June 21st was the summer solstice, the longest day of the year. It was also Father’s Day, and all through the night leading up to it, after attending my first bonfire ceremony at Tower 7, my brain was buzzing like a bee-hive. Something had changed in me. A miracle had occurred. I praised God and wept tears of gratitude. At once I saw the solutions to problems that had plagued me for years. I knew exactly what to do and wasted no time getting to work on it.
Right before the seizure that had transported me to the Middle Plane, I’d been up all night writing a story about the COVID pandemic, my unexpected evacuation from Vietnam, and the mental, emotional, and spiritual breakdown that had ensued. Now I sat down to write Part 2, the happy ending, where I meet the Holy Ghost Tribe and get delivered from a lifelong chemical dependency.
I also had a picture of my Great-Grandpa, my Grandpa, my Dad, and myself as a young boy, that I posted on facebook as a Father’s Day Tribute, saying that these men would all be smiling down from heaven if they could see the way that God was working in my life.
My Dad’s side of the family were all Danish immigrants who’d come over in the early nineteenth century to homestead South Dakota. My Great-Grandpa had been a farmer, who I remembered as a soft-spoken man, who often dressed in overalls, and had large hands.
His son, my Grandpa, had been a twin, who’d worked his way up from telephone lineman to telephone executive during the Great Depression. He and my Grandma had settled in Lincoln, Nebraska, and he’d died of a massive heart attack soon after turning sixty.

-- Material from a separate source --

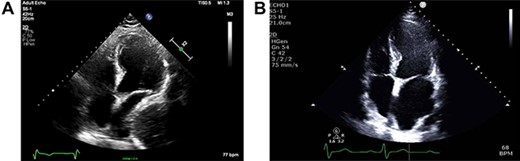 (A) ECHO showing left atrial compression from megaoesophagus during diastole; (B) ECHO showing normal-sized left atrium 3 months after band removal.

My Dad was a bit of a dreamer, a poet who’d become a preacher. His calling had taken us all over during my childhood, from Hawaii, to Minnesota, back to Hawaii, to Iowa, to North Dakota, and finally to California. Once they reached California, my family never moved again, but I was seventeen at that point, and it was a way of life I would never recover from. Until now. I’d been a blind wanderer on the road of life, but things were about to change. I could feel it.
At the gathering that morning I was eager to share my testimony. I talked as if I had twenty years of recovery under my belt, instead of just a week, during which time I was still detoxing. My transformation from hungry ghost to awakened ghost now seemed as miraculous to me as Paul’s conversion on the road to Damascus, and I nearly broke into the opening refrain of Amazing Grace as I brought my emotional share to a tearful conclusion.

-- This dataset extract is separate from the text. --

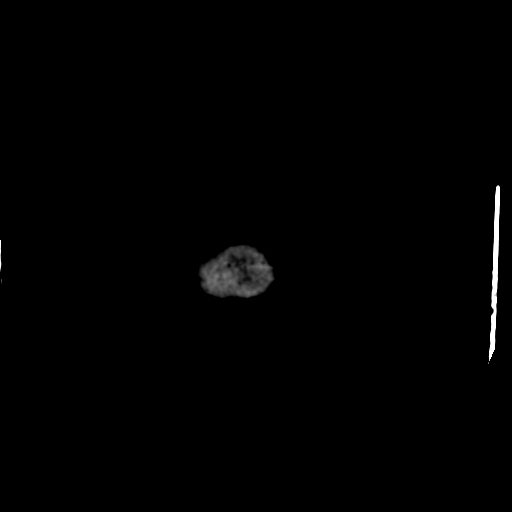Choroid plexus xanthogranulomas (Radiopaedia 51621-57408 Axial non-contrast 124).jpg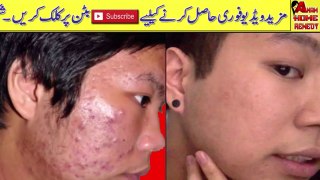 Beauty Tips In Urdu || Remedy To Remove Dark Spots Pigmentation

Five years earlier, my Dad had had his own moment of divine intervention, when largely confined to an armchair in the living room after a stroke, Jesus, and a recently deceased friend of his from a homeless ministry, had appeared to him with an urgent mission. They needed him to launch a Great Revival, beginning by taking the homeless off the streets and training them to go out and evangelize the world. He had it all figured out, where the training camps would be, at Newport Dunes in Newport Beach, and the alternative currency that they would use.

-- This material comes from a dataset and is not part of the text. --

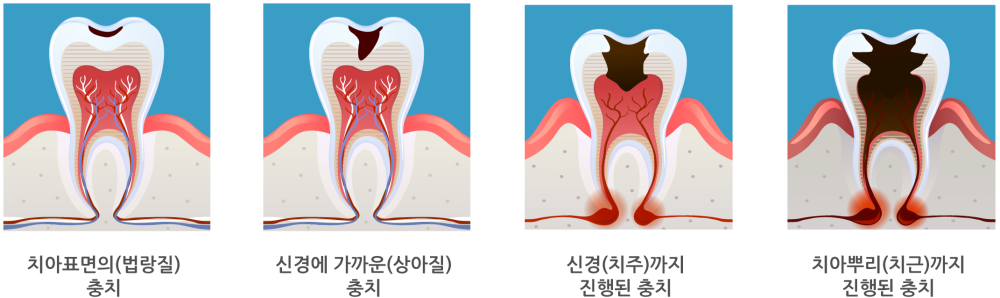 충치의 진행 단계를 순서대로 보여 주는 일러스트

When my Dad shared his great vision with us, at the 50th anniversary party we were throwing for him and my Mom, at Newport Dunes, it was hardly received with the same enthusiasm with which he delivered it. Frankly, we were all concerned, very concerned. When the doctors at Hoag Hospital heard the same story, they were concerned as well, and temporarily placed him in a psychiatric unit until they could run some tests. There, he contacted pneumonia and died a month later, without anyone ever believing in the Great Revival, or his role in it, as the only man God could entrust with, what possibly might have been, the largest evangelical outreach in the history of the church.
After my Dad’s memorial service, we dug a hole in the backyard, placed his ashes in it, and then planted a plum tree. That plum tree became a modern-day parable, because for two years it was just a stick, no branches, no leaves, no sign of growth at all, just a dry stick. The third year it finally sprouted some branches, buds, and small leaves. In the fourth year, the miracle occurred. It brought forth little white flowers and a single plum.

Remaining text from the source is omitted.